CDOs: what’s the big deal?

Here are my two cents on concerns about possible systemic financial problems.

There were some very useful discussions yesterday on collateralized debt obligations, financial instruments in which an institution creates a new series of assets by repackaging the cash flows received from a given pool of underlying assets (some of which might themselves be CDOs). Felix Salmon tries to categorize calmly the various concerns in terms of possible defaults on underlying subprime mortgages, defaults on the part of the institution that issued the CDO, and mispricing that could result from “fire sales” of such assets. Felix acknowledges a potential cycling feedback between these three developments, and concludes:

So there is cause for concern, to be sure. But there isn’t cause for panic.

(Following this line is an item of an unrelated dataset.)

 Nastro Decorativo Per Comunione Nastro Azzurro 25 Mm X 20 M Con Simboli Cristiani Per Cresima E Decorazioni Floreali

Saskia Scholtes and Gillian Tett, writing for the Financial Times, characterize the problem as an absence of independent arms-length valuation of the CDOs, so that holders do not recognize or warn their creditors of the magnitude of already-realized losses. Naked Capitalism sounds a related theme, emphasizing the lack of public documentation and transparency. Tanta suggests that references to the “illiquidity” of such assets are euphemizing the reality that their objective market value is far below the book valuation.

The benign view of CDOs is that they represent an important technological improvement that allows for better pooling of risk. I would characterize the main concerns as centering on whether in the process existing financial arrangements have accurately priced aggregate risk.

First let me clarify what I mean by aggregate risk. Some risks are inherently undiversifiable. One can understand that point most clearly with Robert Lucas’s elegant asset-pricing model. Suppose that the entire economy consisted of one big potato farm. All financial assets would then ultimately be nothing more than claims against future potato production, and there is no way they can credibly promise to deliver more potatoes than are actually available. If there is a bad harvest, people will be hungry, and no clever set of financial instruments can possibly insure you against that.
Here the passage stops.